↓↓↓

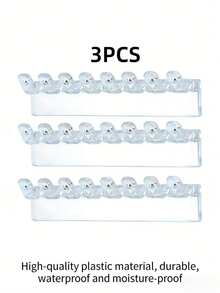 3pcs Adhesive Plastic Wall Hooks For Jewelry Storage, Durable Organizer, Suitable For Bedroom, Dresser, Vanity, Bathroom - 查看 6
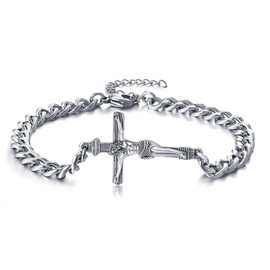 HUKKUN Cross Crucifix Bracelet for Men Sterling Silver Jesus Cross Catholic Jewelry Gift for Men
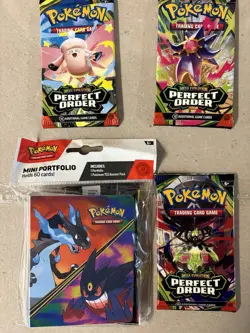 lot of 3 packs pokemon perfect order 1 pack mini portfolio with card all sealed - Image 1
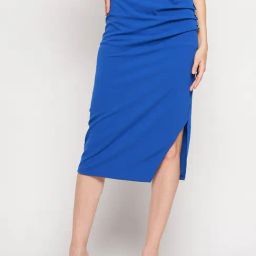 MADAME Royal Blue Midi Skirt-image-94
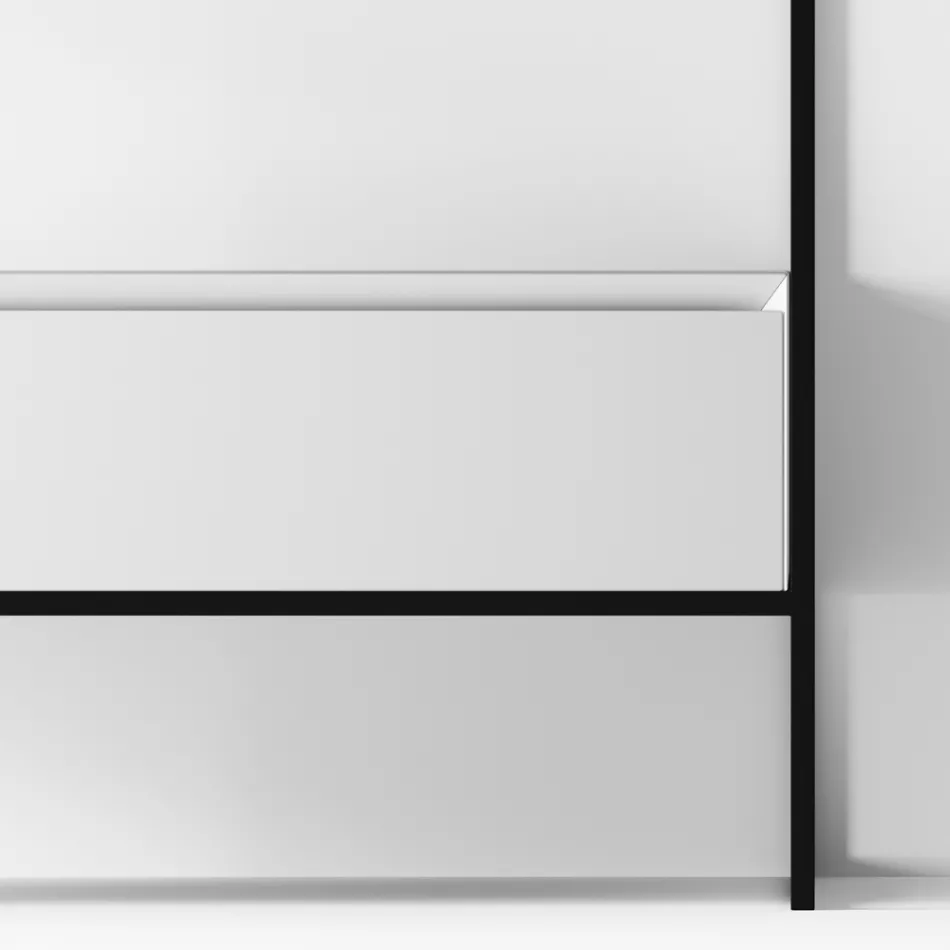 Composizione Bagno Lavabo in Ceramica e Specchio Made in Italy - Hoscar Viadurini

↑↑↑
↓↓↓

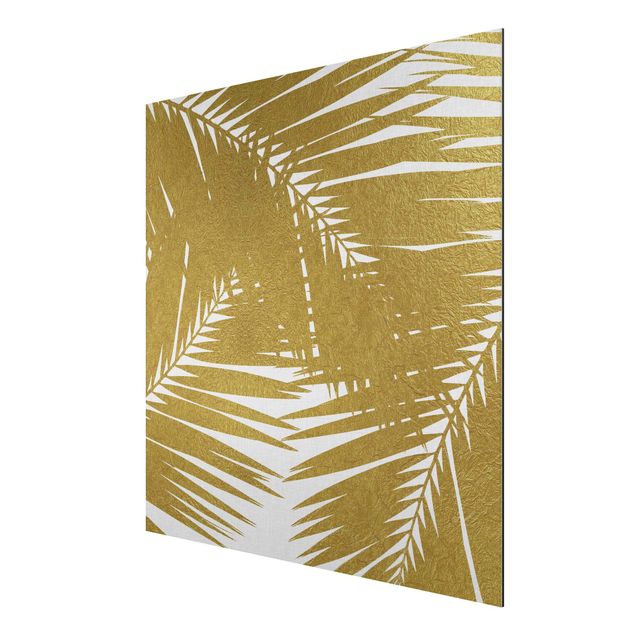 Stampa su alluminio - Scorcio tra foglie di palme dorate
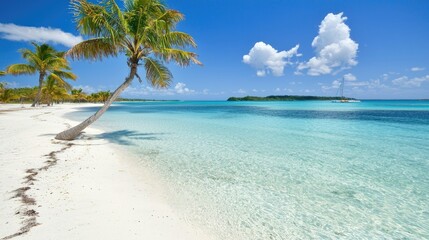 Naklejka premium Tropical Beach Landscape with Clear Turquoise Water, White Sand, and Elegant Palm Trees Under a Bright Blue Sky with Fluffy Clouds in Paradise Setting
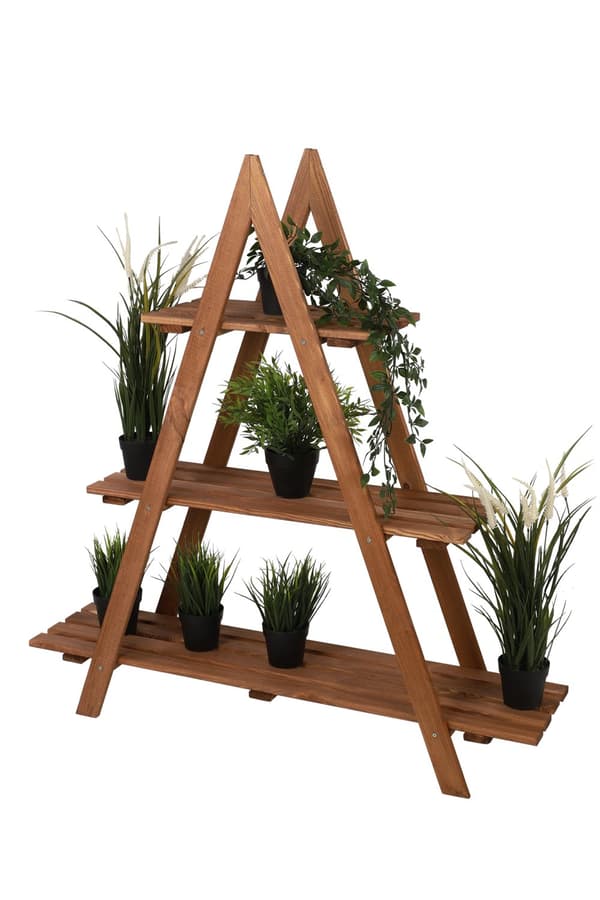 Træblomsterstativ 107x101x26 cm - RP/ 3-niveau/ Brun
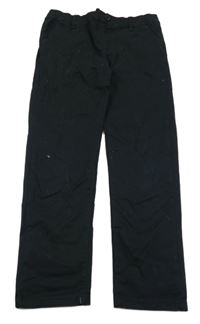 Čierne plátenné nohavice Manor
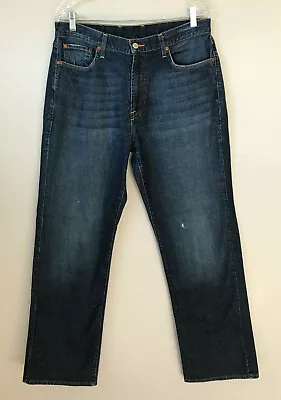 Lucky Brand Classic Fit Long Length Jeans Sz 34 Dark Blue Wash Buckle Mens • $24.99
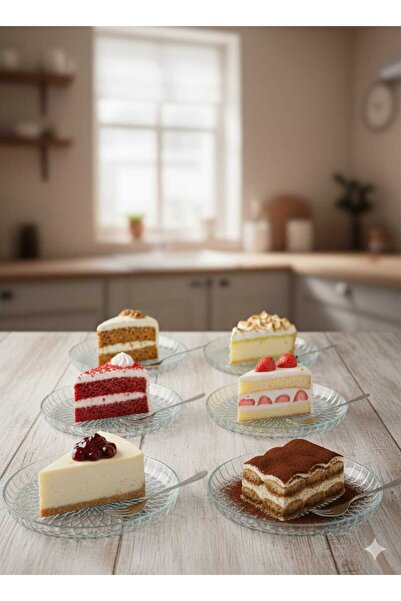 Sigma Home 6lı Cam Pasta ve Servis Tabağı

↑↑↑
↓↓↓

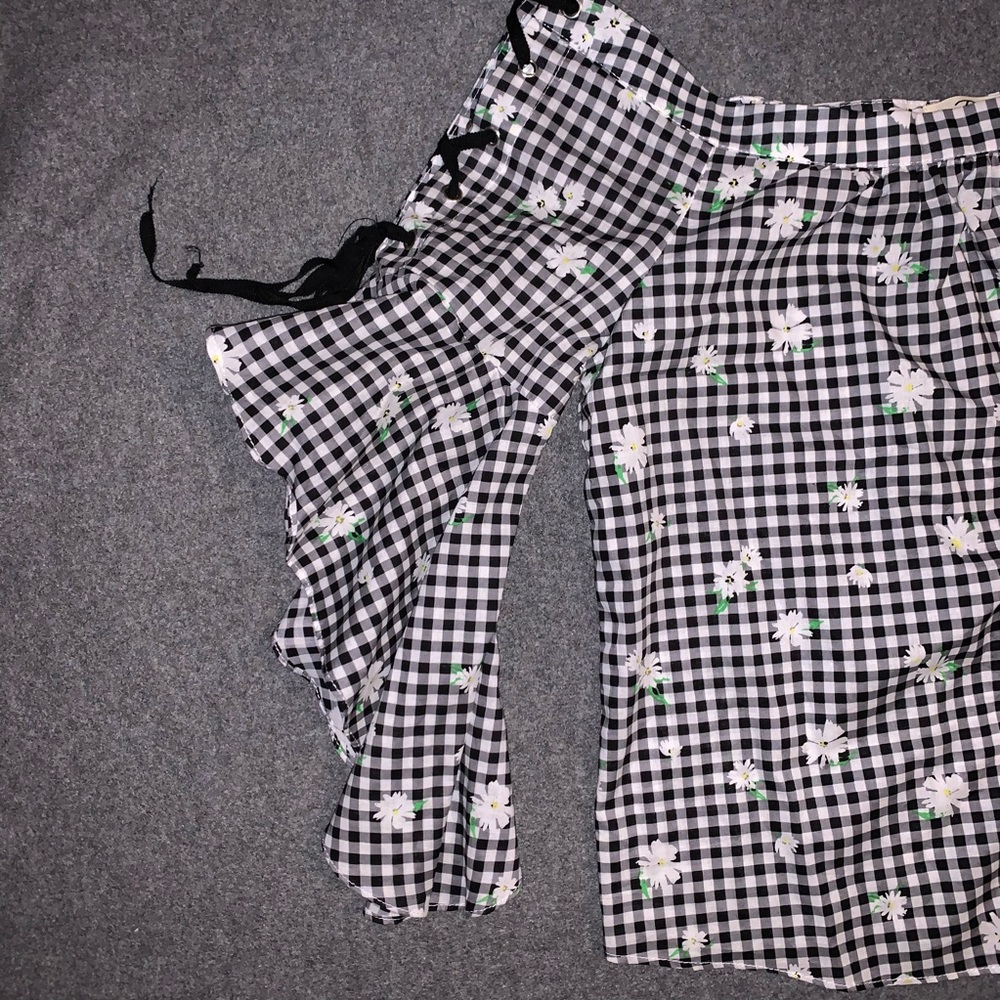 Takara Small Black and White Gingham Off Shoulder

↑↑↑

■ To do
Copy exactly the lines of the listing above between the one holding "3pcs Adhesive Plastic" and the one holding "Composizione Bagno Lavabo", inclusive; omit all pictures.

■ Solution
 3pcs Adhesive Plastic Wall Hooks For Jewelry Storage, Durable Organizer, Suitable For Bedroom, Dresser, Vanity, Bathroom - 查看 6
 HUKKUN Cross Crucifix Bracelet for Men Sterling Silver Jesus Cross Catholic Jewelry Gift for Men
 lot of 3 packs pokemon perfect order 1 pack mini portfolio with card all sealed - Image 1
 MADAME Royal Blue Midi Skirt-image-94
 Composizione Bagno Lavabo in Ceramica e Specchio Made in Italy - Hoscar Viadurini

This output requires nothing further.